Portanto, a felicidade se tornou, já há muito tempo, coisa de gente simples e ignorante.

É um suposto fato cientificamente sustentado que as pessoas humildes, pouco educadas, geralmente pobres, sofrem menos, pois elas processam emoções de maneira menos complexa do que as pessoas que possuem mais recursos intelectuais.

O resultado histórico da mistura de todas essas opiniões é a de que a felicidade e as histórias de amor com finais felizes são malvistas, clichês, e feitas para o povão, para a massa, que “procura entretenimento rasteiro para se distrair”.

Eu até concordo que não abundam os filmes e as histórias românticas de boa qualidade, mas isso pode ser explicado pelo fato de os bons escritores, cineastas, poetas, dramaturgos etc., serem todos cult e nós já estabelecemos que gente cult odeia felicidade.

Essa guerra contra a felicidade e as pessoas felizes tem um viés acadêmico que se soma ao viés artístico.

Acadêmicos e intelectuais tendem a olhar com maus olhos esse papo de metas e de vida equilibrada, dos hábitos das pessoas altamente eficazes e da busca pela felicidade sustentável. Eles nos dizem que essas pessoas querem varrer as emoções negativas para debaixo do tapete. Afirmam que os estudos que comprovariam os benefícios e a eficácia deste novo estilo de vida e dos métodos que devemos empregar para alcançá-lo, não passam de pseudociência, de um discurso vazio e pouco profundo, que geraria, na verdade, um ideal de felicidade inatingível.

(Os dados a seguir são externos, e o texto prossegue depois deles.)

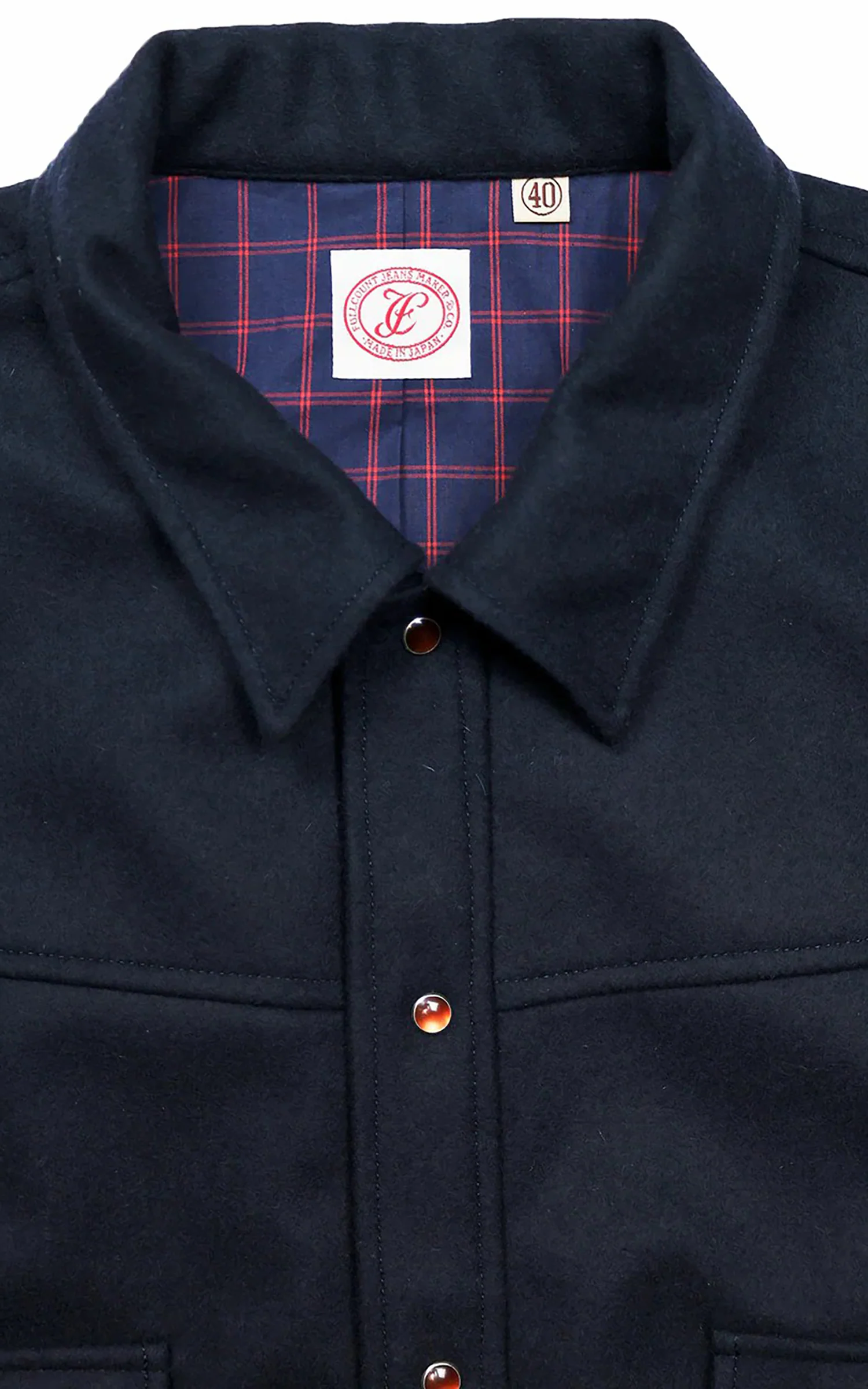 Fullcount 2041 Wool Melton Hollywood Dude Jacket Navy - Image 3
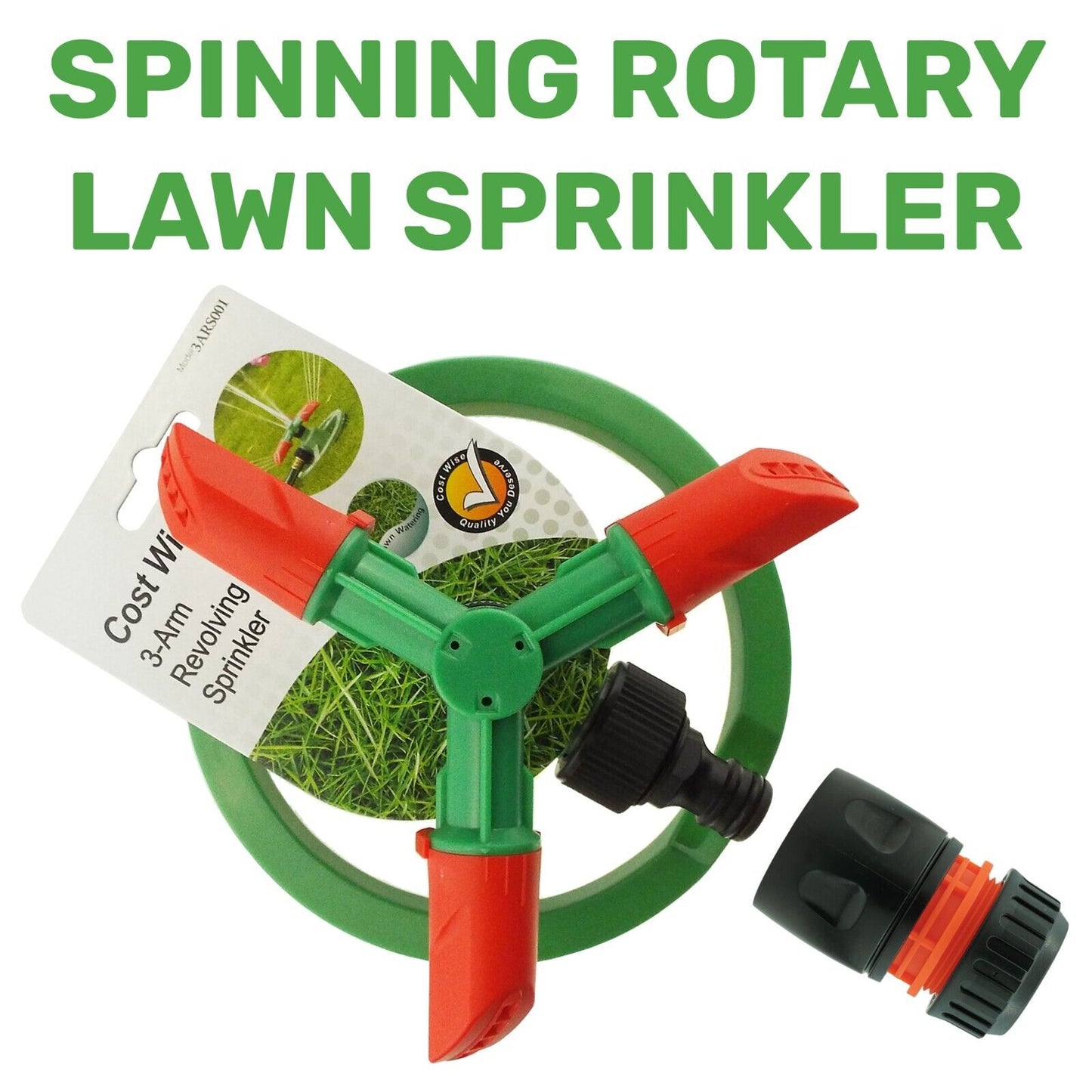 Automatic Lawn Sprinkler Garden Watering Adjustable Spinning 360 & Connector Kit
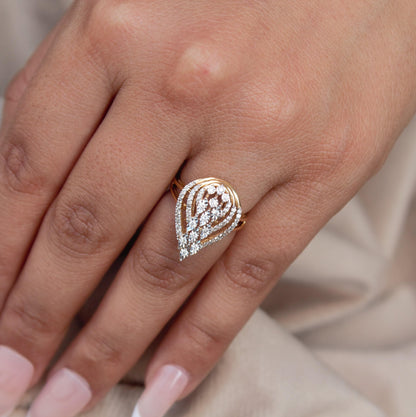 18k Solid Gold Jewelry, 4 US Gold Engagement Ring, Victorian Style Natural Diamond Ring, Natural Diamond Real Gold Ring, Real Gold Ring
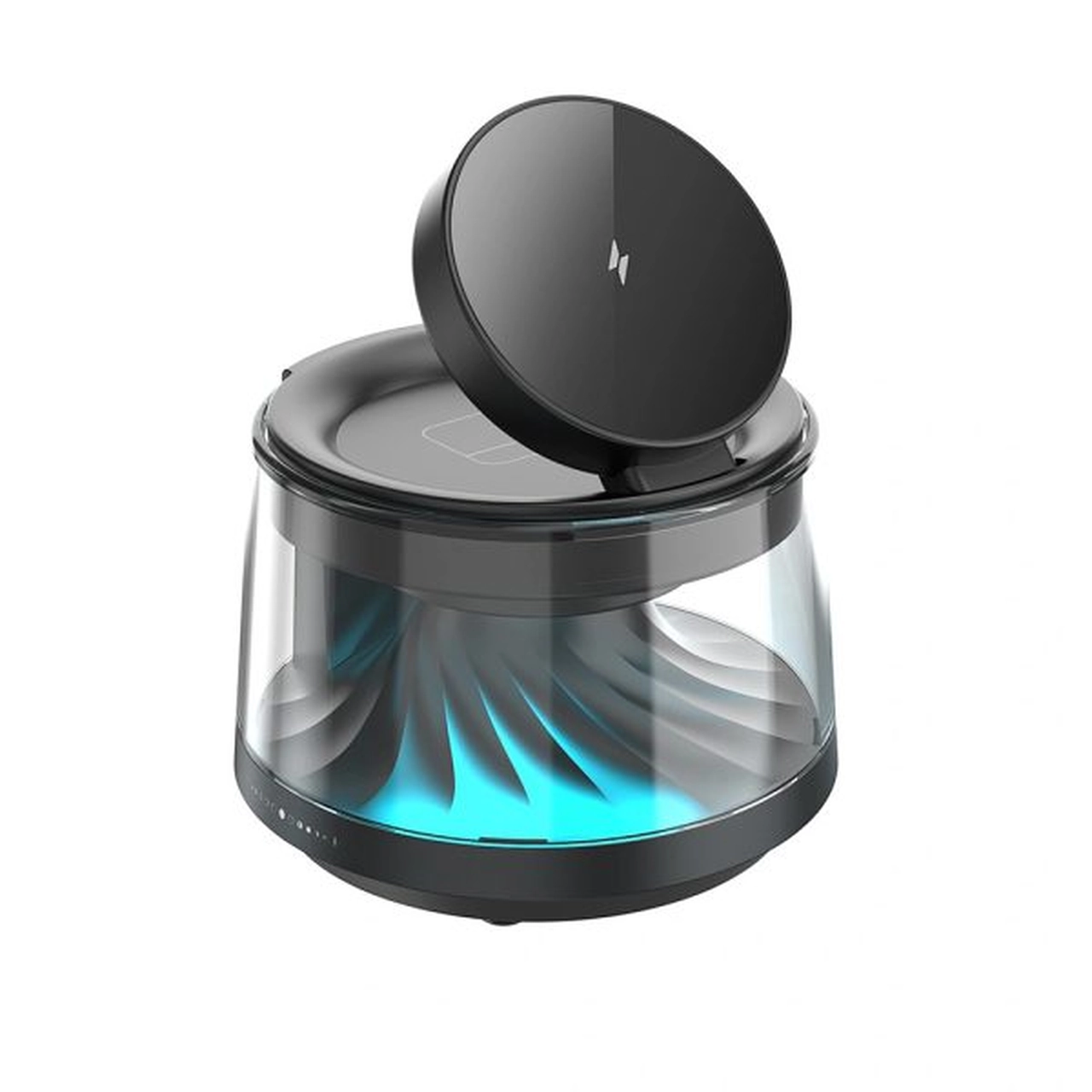اسپیکر بلوتوثی و شارژر وایرلس 5 کاره Wiwu مدل Flow wi-w039 مشکی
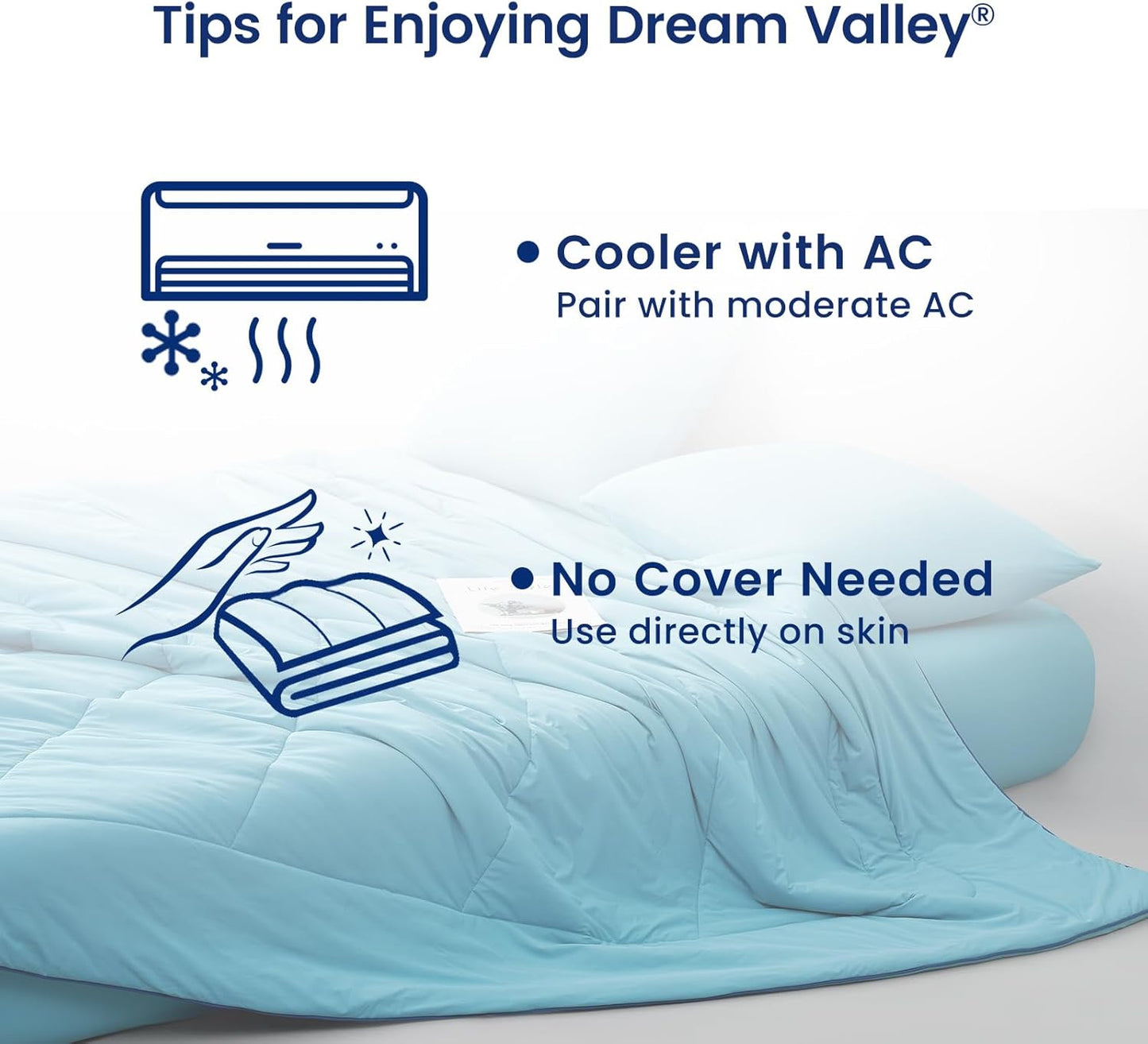 Dream Valley®Outlast®Deepsleep Cooling Comforter, Twin Size, NASA-Grade Space Technology Cooling Blanket for Hot Sleepers Night Sweats, Q-Max > 0.45 Aerocool™Breathable, Dream Blue, 68"x90"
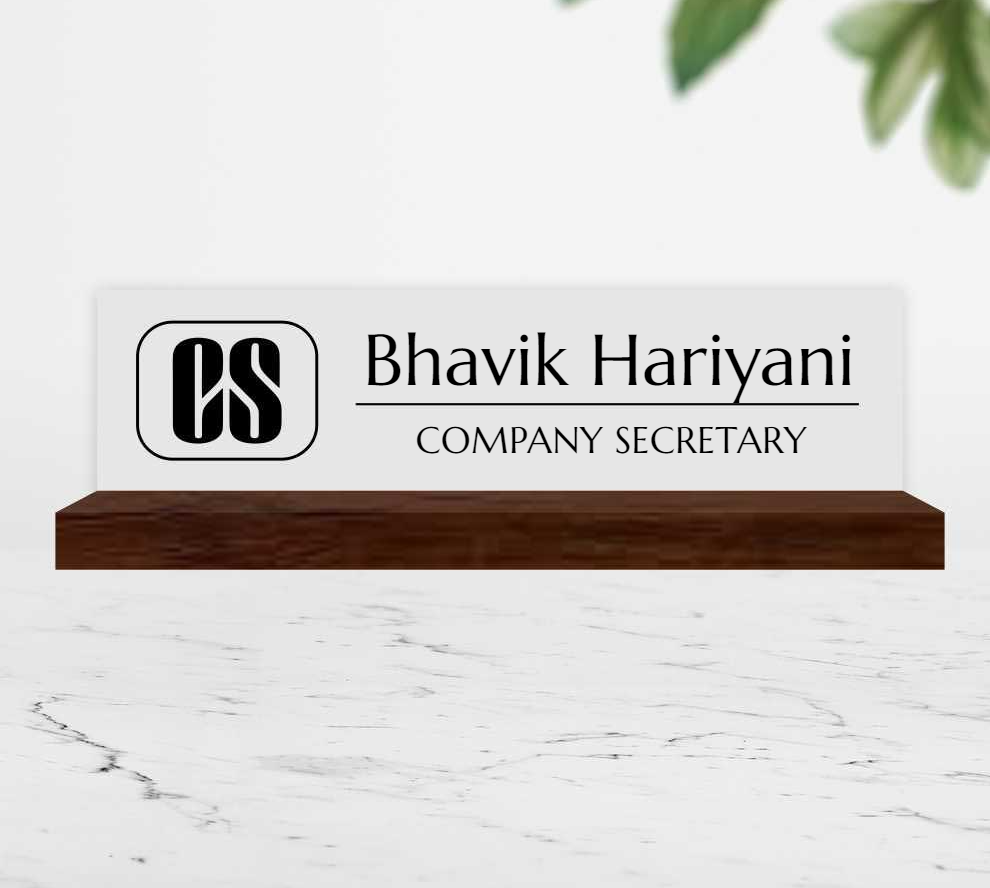 Excelus Office Desk Wooden Name Plate - Company Secretary (CS)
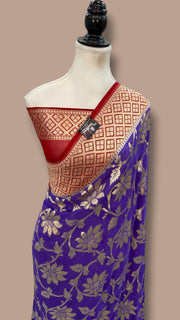 Khaddi Georgette Handloom Banarasi Saree - The Handlooms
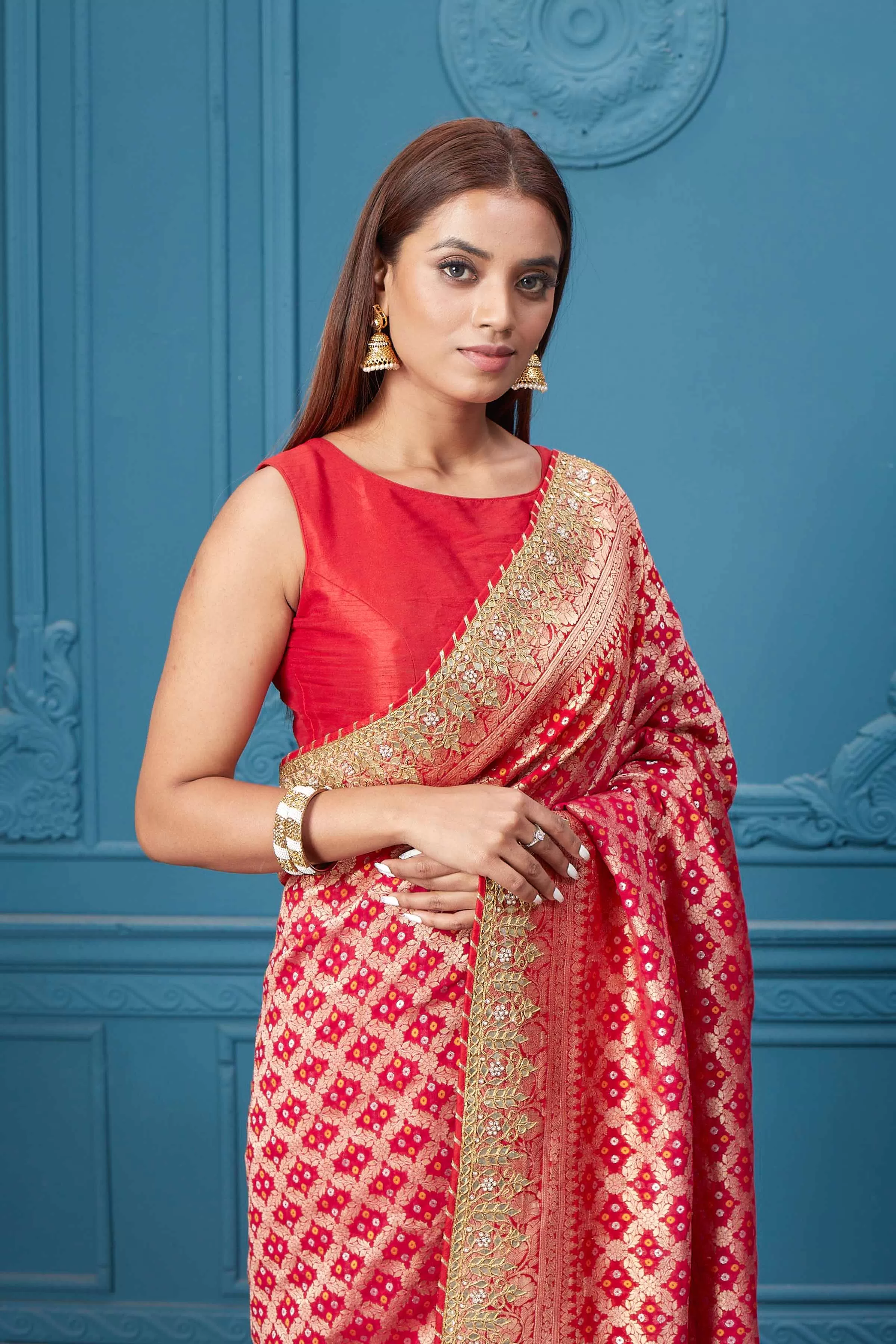 91A024 Red Bandhej Banarasi Saree with Embroidered Border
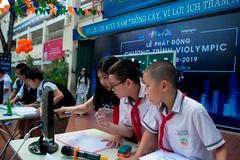 Các học sinh dự thi Violympic. (Ảnh: Nguyễn Thắng)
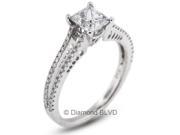 1.49 CT D VS2 Ideal Princess Earth Mined Diamonds 18K 4 Prong Micro Pave Split Twist Shank Wedding Ring 3.1gr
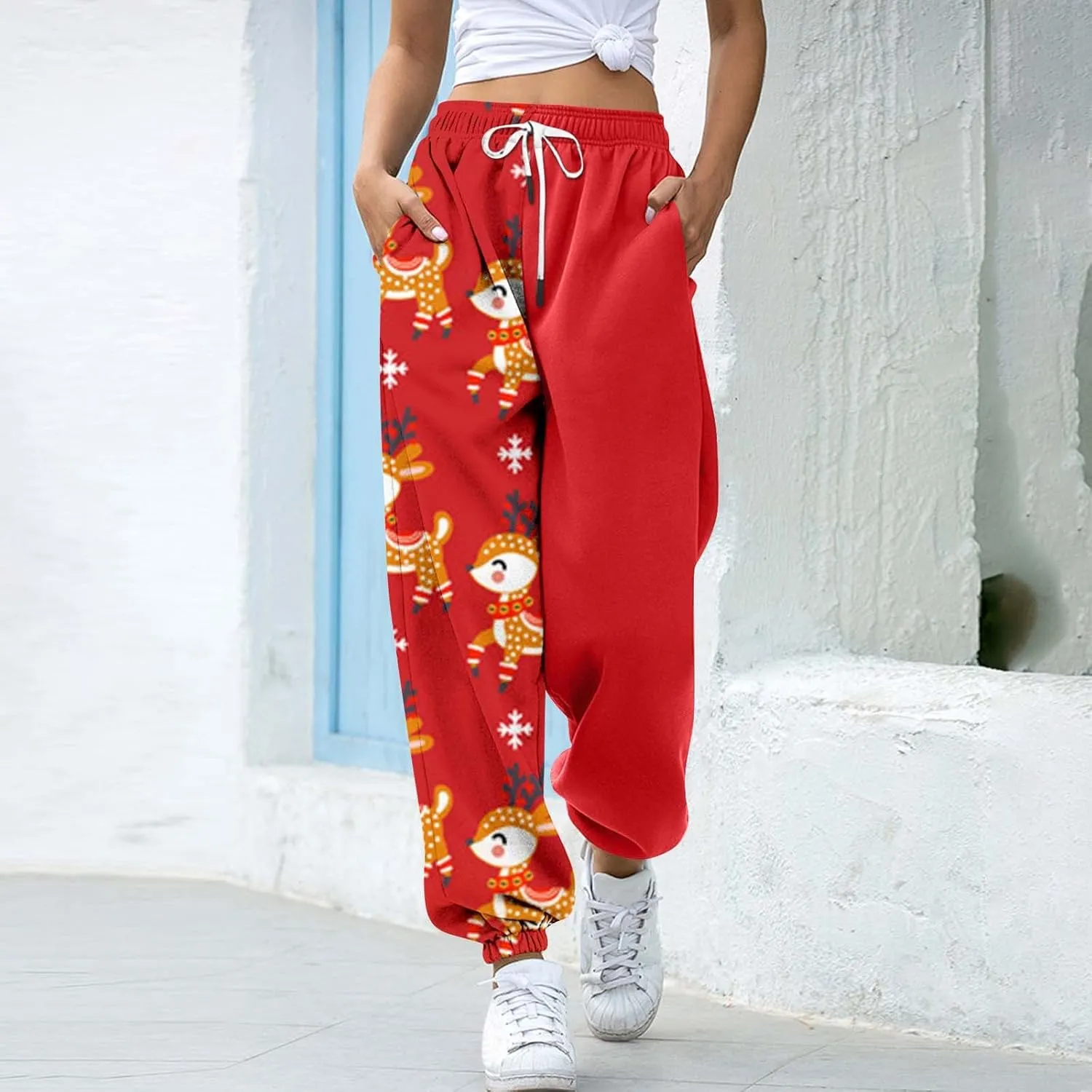 Christmas Sweatpants Women Loose Breathable Casual Pants Christmas Hat Christmas Tree Snowman Print Side Pockets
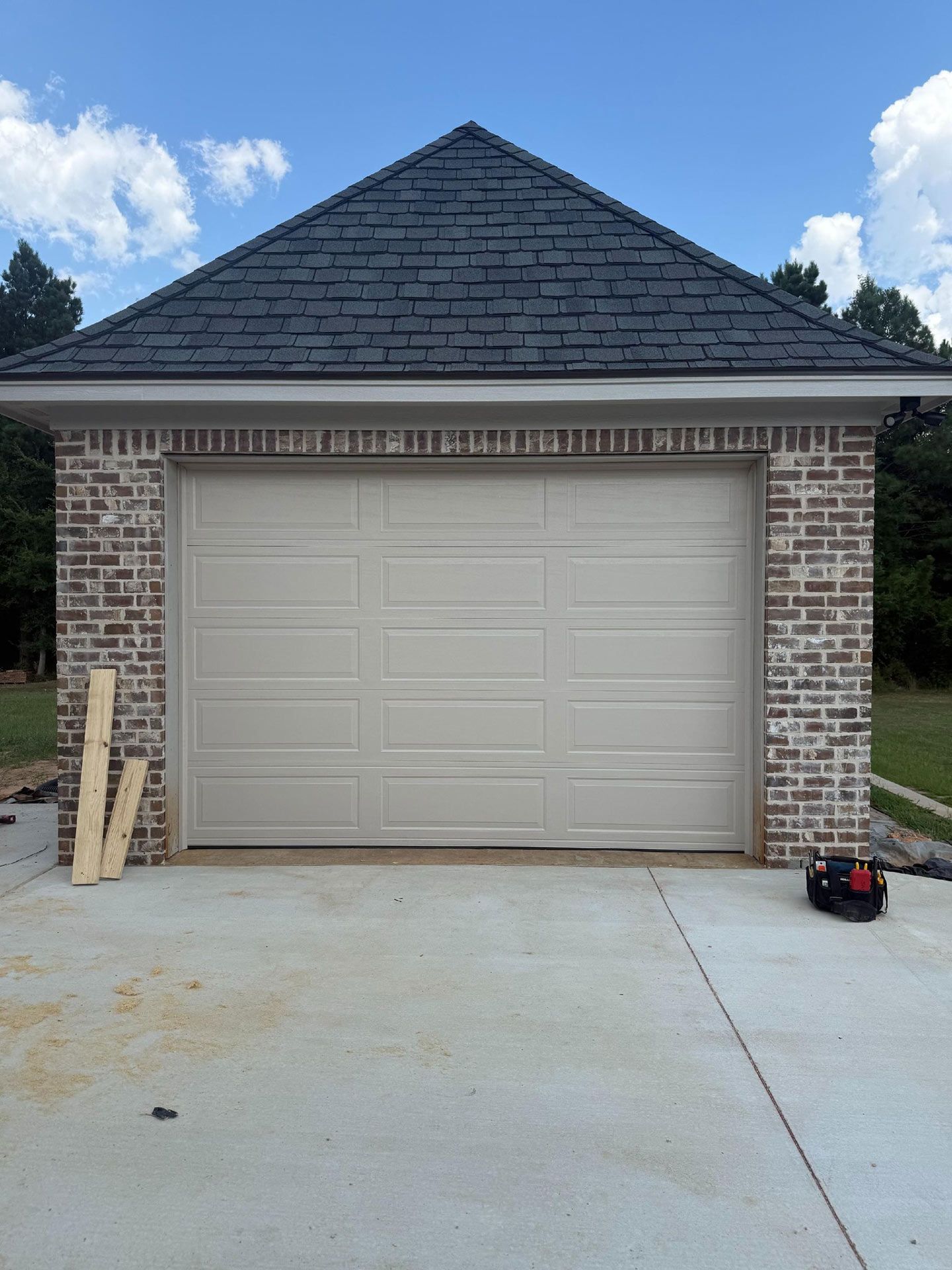 Garage Door with Brick Wall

Isso tudo é realmente muito melancólico, pois é possível perceber, a partir desse discurso, o quanto as pessoas realmente se sentem tristes ou, não exatamente tristes, mas também não muito felizes de um modo geral; isso tudo a ponto do discurso da busca da felicidade parecer uma ameaça ou uma imposição insustentável, inatingível e dolorosa.

Na verdade, a gente já gastou grande parte dos recursos artísticos, intelectuais e culturais da humanidade relatando e estudando as trilhões de maneiras de sermos miseráveis. Os tratados e obras sobre a felicidade é que rareiam.

Mas o interessante é que elas sempre existiram. Desde a Antiguidade, passando pelo renascimento e chegando aos tempos atuais – nos quais elas se multiplicam – algumas mentes se arriscaram a proferir algumas palavras e a dar algumas pinceladas em homenagem à vida feliz.

Claro que existem os exagerados, aqueles que dizem que devemos ser felizes a qualquer custo e que têm horror das tais emoções negativas, mas generalizar essa postura é um grande preconceito.

O que algumas pessoas começam a buscar não é uma maneira de decepar o lado negativo, bastante rico e construtivo sim, da nossa vida emocional, mas apenas entortar a balança para o outro lado e falar mais de amor e esperança para variar.

O que queremos é, mesmo tendo consciência das mazelas da humanidade e sentindo dor e sofrimento em alguns momentos, reivindicar o direito de vivenciar o que há de verdadeiramente bom na vida e lutar para multiplicar os momentos de felicidade, aprendendo a valorizá-los.

A busca da felicidade é absolutamente legítima. E ela não é um desrespeito ao sofrimento.

A gente conhece muito mais meios de tortura, do que meios de fazer uma pessoa sorrir. E já é hora de mudar isso.